What is Network Analysis
Networks are composed of 2 elements, nodes and edges. Nodes represent the objects of interest, while the edges represent the connection between them. Nodes can be of the same or different category within a network graph. With that said, a network can show relationships between people, while at the same time networks can show connections between pieces of literature with their author, an influence, and/or the content between the pieces themselves. Accordingly, the edge connecting the two nodes together represents how that specific connection is made. Networks can be thought of as a map of relationships. The purpose is to study the path, a collection of edges, that connect the two distant nodes, and to discover other paths that were not so obvious before. Caleb Crumley has composed a tutorial for the DigiLab that breaks down some theorems to show the capabilities of Network Analysis and how it applies to Digital Humanities.

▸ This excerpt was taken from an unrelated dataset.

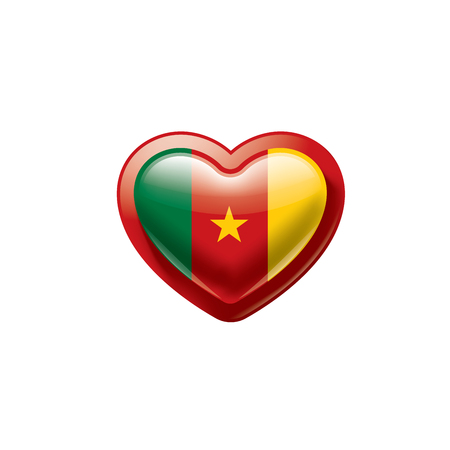 Cameroon national flag, vector illustration on a white backgroundのイラスト素材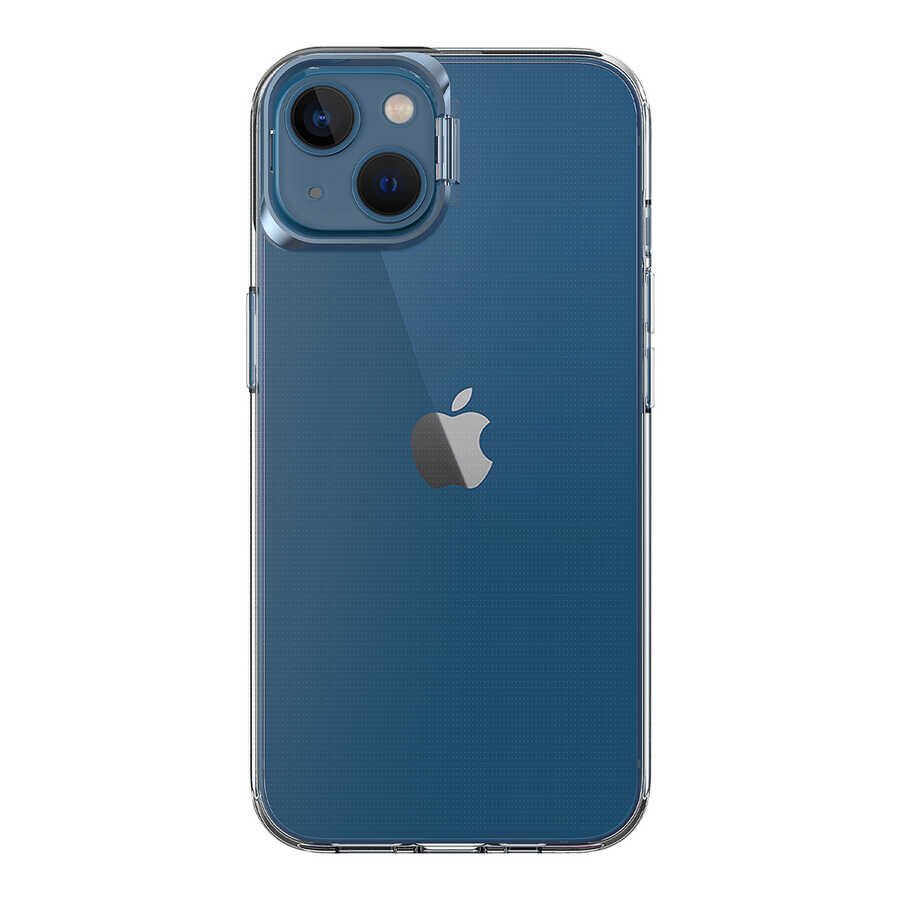 Apple  iPhone 13 Kılıf Standlı Köşe ve Kamera Korumalı Sert Sararmaz Şeffaf Kapak (Skuba) Rose Gold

Centrality can be really important to look at in network analysis, especially for humanist. There are different dimensions of centrality, but the one talked about the most is betweenness centrality. What this term measures are the shortest paths between the nodes. For example, let us say we have a network of people and we are recording their interactions by the type of relationships they have with each other. So imagine a bit of information that we follow through the network. If we try to map the distance of this information, how fast does it get to everyone? That is what betweenness centrality measures. This bit of information itself might not be important, but it is a good way to use it in this analogy. You might be thinking isn’t this the same as counting all of the edges that are connected to that person, which is called degree centrality. Well that has something to do with it, but each edge might lead to different groups. Specifically, if one person, or node, has an edge with a cluster of nodes, then this connection is weighted heavier than an edge that only connects to one other person. Knowing this, it can be good to have the nodes sized by betweenness centrality. This option will be discussed as it becomes available.
How should your data be structured?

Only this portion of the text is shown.